The Caddo Herald
September 8, 1948
Caddo Golden Jubilee is Set for November 26-28
To celebrate the 50th Anniversary of the incorporation of the town of Caddo, citizens of Caddo are making elaborate preparations (for) November 26-28. The town is preparing to entertain many who visit Caddo during this time with a varied program mostly of an historical and reminiscent nature.
Mrs. Henry F. Bass is chairman of the association, called “the Caddo Golden Jubilee Association” and with her are working the several committees from lodges, churches, schools, and civic clubs.
It was in 1893 that the Curtis Bill was passed by Congress. By its terms towns and cities might incorporate and citizens of non-Indian blood could acquire property upon which they had made improvements in the town. This bill also provided for the allotment of lands to each Indian citizen and to wind up the affairs of the Indians.

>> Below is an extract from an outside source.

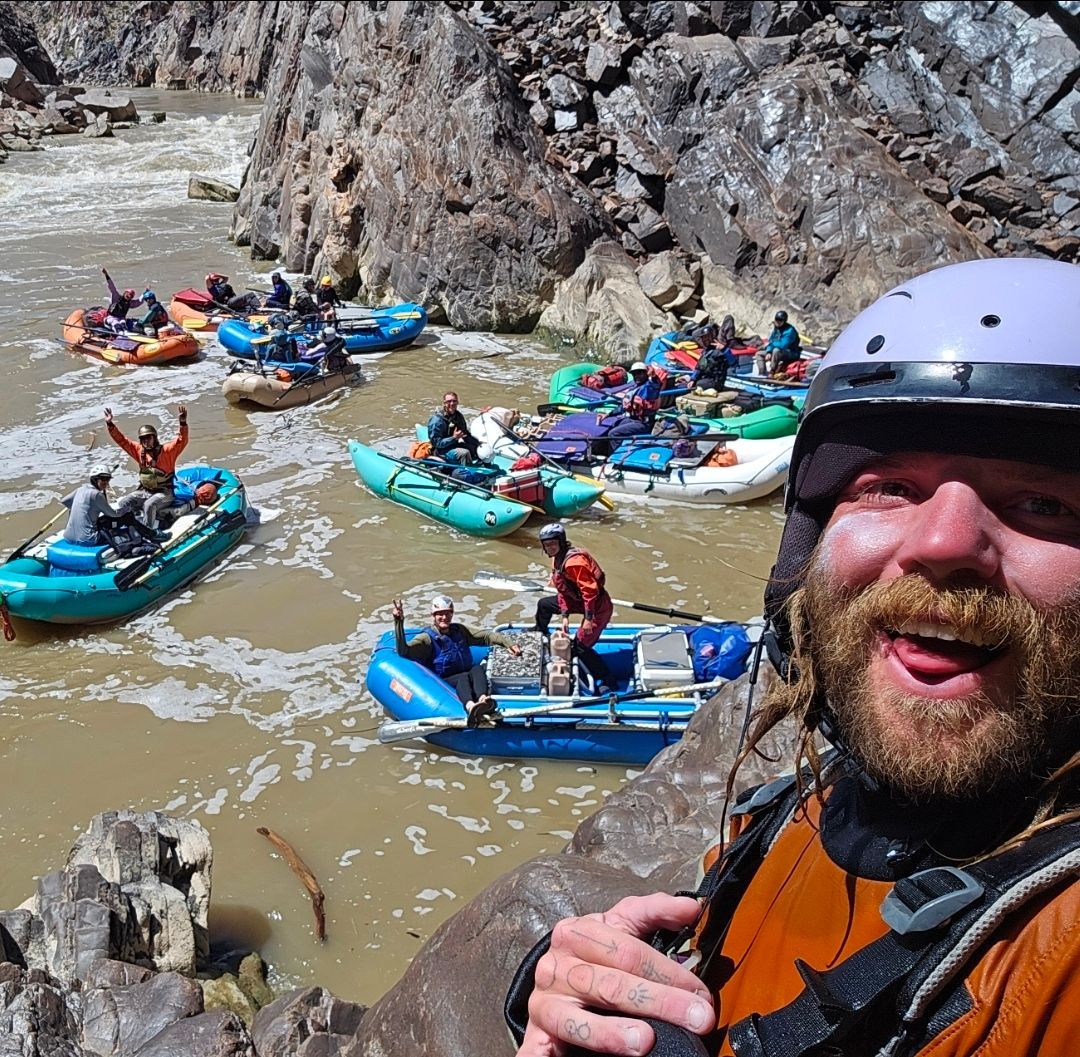 Helmeted paddler with kayaks gathered on a river behind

By incorporating, towns could become self-governing, being controlled by the Arkansas code of laws in force at the time.
A mayor and town council was chosen, laws were enacted to regulate such doings as fighting, the running at large of cattle, sheep and hogs, gambling, and taxing property for schools and other public purposes.
Caddo was a pretty good town 27 years before incorporation because of its lands. The M, K and T railway stopped at Caddo in the year 1870 and did not complete building into Denison until two years later. During those years Caddo was the shipping point by wagons to Sherman, Bonham, Ft. Sill, Paris, and Gainesville.
Great wagon trains carried the goods from the north to Ft. Sill and western Indian tribes on the reservation. Much of this history is being prepared for preservation for future generations.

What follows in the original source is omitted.